Witek- commented Feb 2, 2021

I think it's the same as reported here: #1861 although I am able to run it without face and hands.
Try with version 1.6.0. Version 1.7.0 is bugged.

@moncio
Copy link
Author

moncio commented Feb 2, 2021

Version 1.6.0 is proved that it works for this config? @Witek- @gineshidalgo99

@Witek-
Copy link

Witek- commented Feb 2, 2021

I have a 6GB GPU and I can run the precompiled OpenPose demo with hands and face

@moncio
Copy link
Author

moncio commented Feb 2, 2021

I always have those issues when I'm compiling the library (v1.6.0) (particularly Caffe):

image

image

@Witek- @gineshidalgo99

I was investigating, that's came to this: BVLC/caffe#6970
In this thread, it invokes to this repo: https://github.com/Qengineering/caffe
I tried to replace caffe repo for the previous one, all looks ok but the problems appeared again, coming back to this: #1729

And when you didnt expect more problems... yes...

image

Complete hell, sorry for the problems and thank you for the help.
Hope we can do it

@moncio
Copy link
Author

moncio commented Feb 3, 2021

Another tip, I just tried to compile without USE_CUDNN. It's working consuming 5GB without face and hands.

But when I run the script: https://github.com/CMU-Perceptual-Computing-Lab/openpose/blob/master/examples/tutorial_api_python/05_keypoints_from_images_multi_gpu.py

Error: Segmentation fault (core dumped) (when it does: opWrapper.waitAndPop(datums))

@gineshidalgo99
Copy link
Member

gineshidalgo99 commented Feb 7, 2021

Windows issue - cuDNN not being used

This is my Caffe repo to compile in Windows: https://github.com/gineshidalgo99/caffeCompilerForWindowsAndCUDA It is based on the Windows Caffe one.

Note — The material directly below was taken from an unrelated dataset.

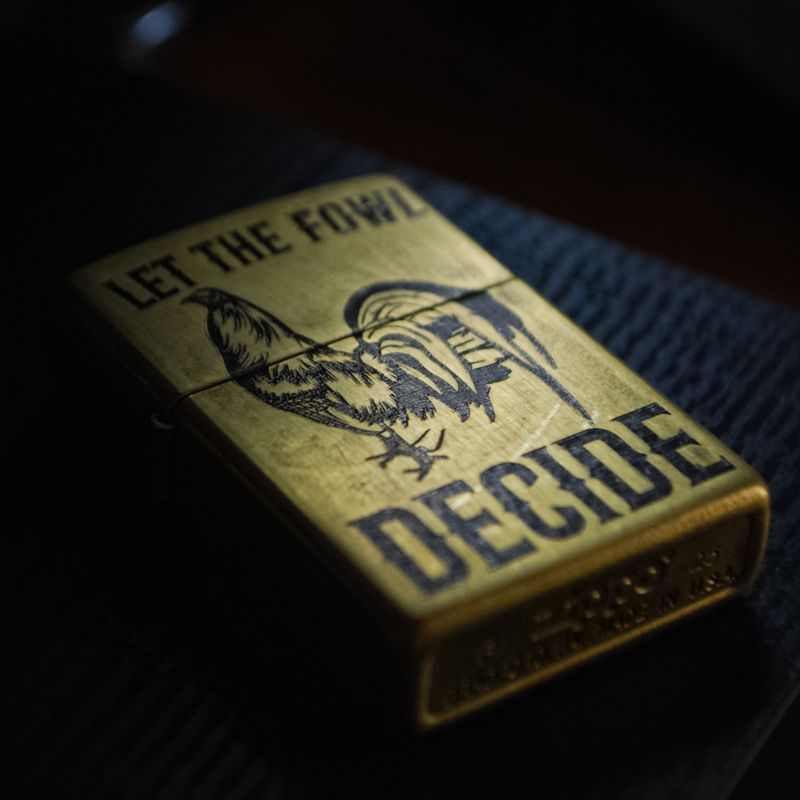 'LTFD' & Gamecock | Laser-Engraved Brass Zippo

I have not been able to compile cuDNN for Windows, it keeps giving me this error:

[Many other logs]
'OpenPoseDemo.exe' (Win32): Loaded 'C:\Program Files\NVIDIA GPU Computing Toolkit\CUDA\v11.1\bin\cudnn_ops_infer64_8.dll'. Module was built without symbols.
'OpenPoseDemo.exe' (Win32): Loaded 'C:\Program Files\NVIDIA GPU Computing Toolkit\CUDA\v11.1\bin\cudnn_cnn_infer64_8.dll'. Module was built without symbols.
F0207 11:36:55.959534  5612 cudnn_conv_layer.cpp:53] Check failed: status == CUDNN_STATUS_SUCCESS (1 vs. 0)  CUDNN_STATUS_NOT_INITIALIZED
Unhandled exception at 0x00007FFFA5DD286E (ucrtbase.dll) in OpenPoseDemo.exe: Fatal program exit requested.

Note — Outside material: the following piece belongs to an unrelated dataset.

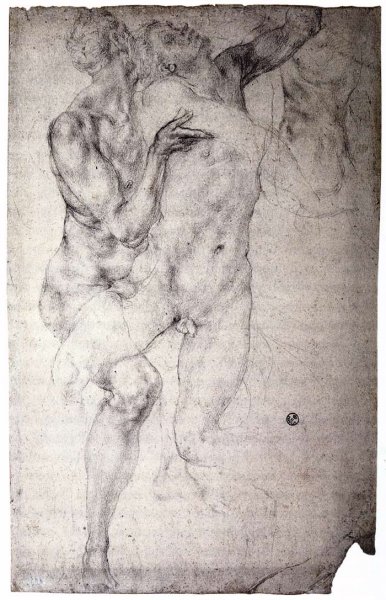Main Product Photo of Two Nudes Painting by Jacopo Pontormo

The program '[7240] OpenPoseDemo.exe' has exited with code 0 (0x0).

If anybody is able to get it to work without giving the CUDNN_STATUS_NOT_INITIALIZED error, I'd very highly appreciate some hints of the exact CUDA/cuDNN version and/or instructions to get it to work! :)

PS: It must use CUDA >= 11 to be compatible with Nvidia 30XX cards

Please, continue this Ubuntu discursion in #1845, to centralize messages and hopefully focus efforts to fix the issue. Thanks!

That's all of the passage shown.